From the top of a lighthouse 60-metre-high, with its base at the sea level, the angle of depression of a boat is ${{30}^{\circ }}$. The distance of the boat from the foot of the light house is?
(a) $60\sqrt{3}$ metres
(b) $\dfrac{60}{\sqrt{3}}$ metres
(c) 60 metres
(d) $30\sqrt{2}$ metres

Answer 1

Hint: We start solving the problem by drawing the figure representing the given information. We then find the angle of elevation of the boat from the top of light house as we know that the sum of angle of elevation and angle of depression at a point is ${{90}^{\circ }}$. We then recall the fact that the tangent of an angle in a right-angled triangle is equal to the ratio of the opposite side to the adjacent side. We apply this property to the obtained angle of elevation and make necessary calculations to get the required distance.

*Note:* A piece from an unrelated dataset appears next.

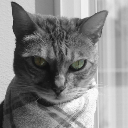 zaharex avatar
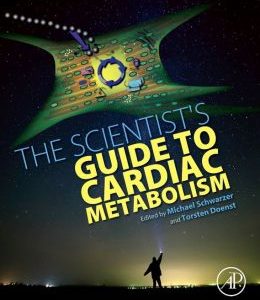 The Scientist’s Guide to Cardiac Metabolism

Complete step by step answer:
According to the problem, we are given that the angle of depression of a boat from the top of a lighthouse 60-metre-high with its base at the sea level is ${{30}^{\circ }}$. We need to find the distance of the boat from the foot of the light house.
Let us draw the figure representing the given information.

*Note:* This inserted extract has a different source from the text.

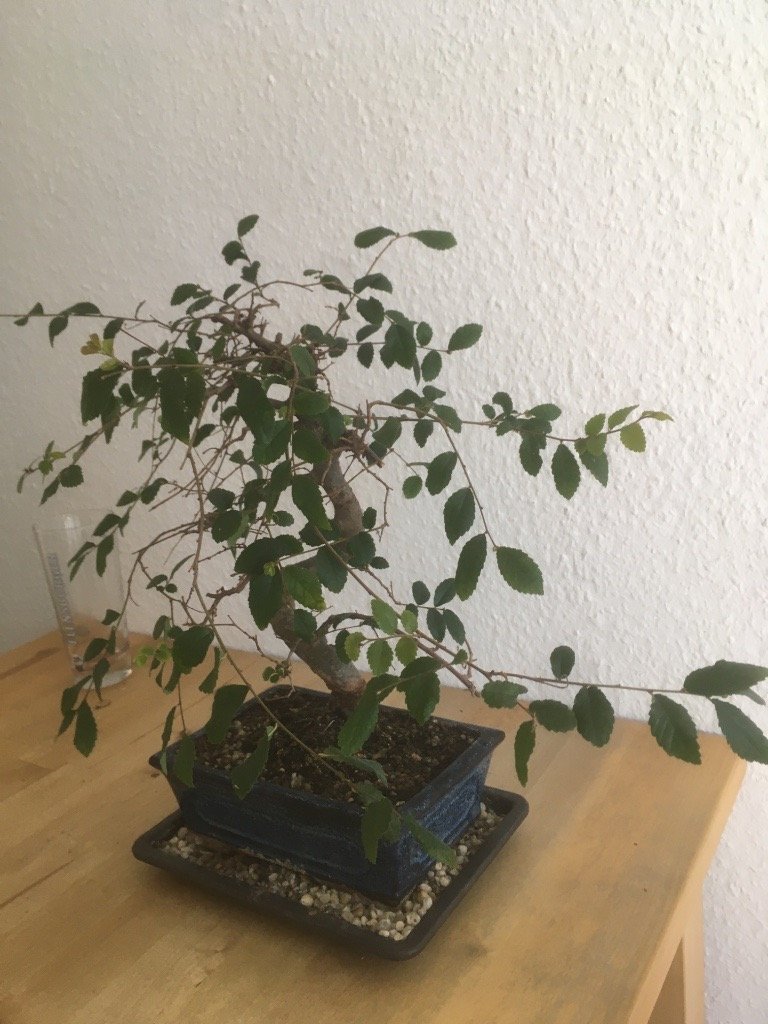 Bild 2.jpg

Let us assume AB be the light tower and C is the point where the boat is present. We have given that the angle of depression is ${{30}^{\circ }}$.
From the figure, we have $\alpha +{{30}^{\circ }}={{90}^{\circ }}$.
$\Rightarrow \alpha ={{60}^{\circ }}$ ---(1).
From the figure, we can see that AC is the distance between the boat and the foot of the light tower.
We know that the tangent of an angle in a right-angled triangle is equal to the ratio of the opposite side to the adjacent side.
So, we get $\tan {{60}^{\circ }}=\dfrac{AC}{AB}$.
$\Rightarrow \sqrt{3}=\dfrac{AC}{60}$.
$\Rightarrow AC=60\sqrt{3}m$.
So, we have found the distance of the boat from the foot of the lighthouse as $60\sqrt{3}m$.

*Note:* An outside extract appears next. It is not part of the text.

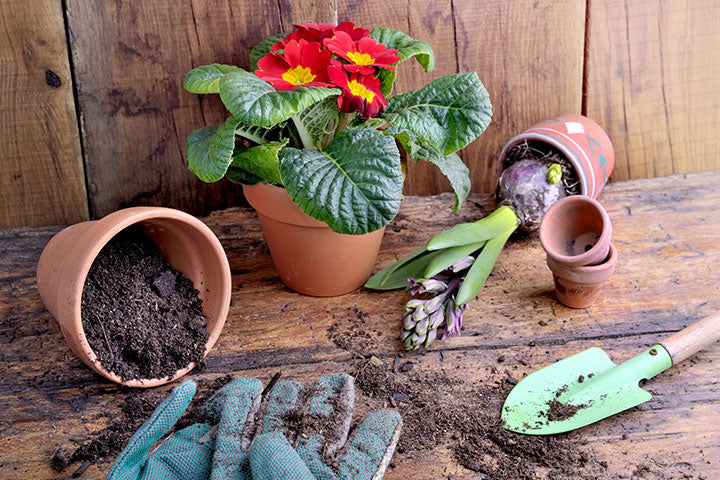 Guantes de jardinería con prímula y jacinto.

So, the correct answer is “Option a”.

Note: We can also find the angle of elevation of the top of the lighthouse from the boat using the fact that the sum of angles in a triangle is ${{180}^{\circ }}$. Whenever we get this type of problems, we first draw the figure representing the given information as it gives the better view of it which leads to the solution. We can also find the distance of line of sight from the top of the lighthouse to the boat (BC) using the Pythagoras theorem.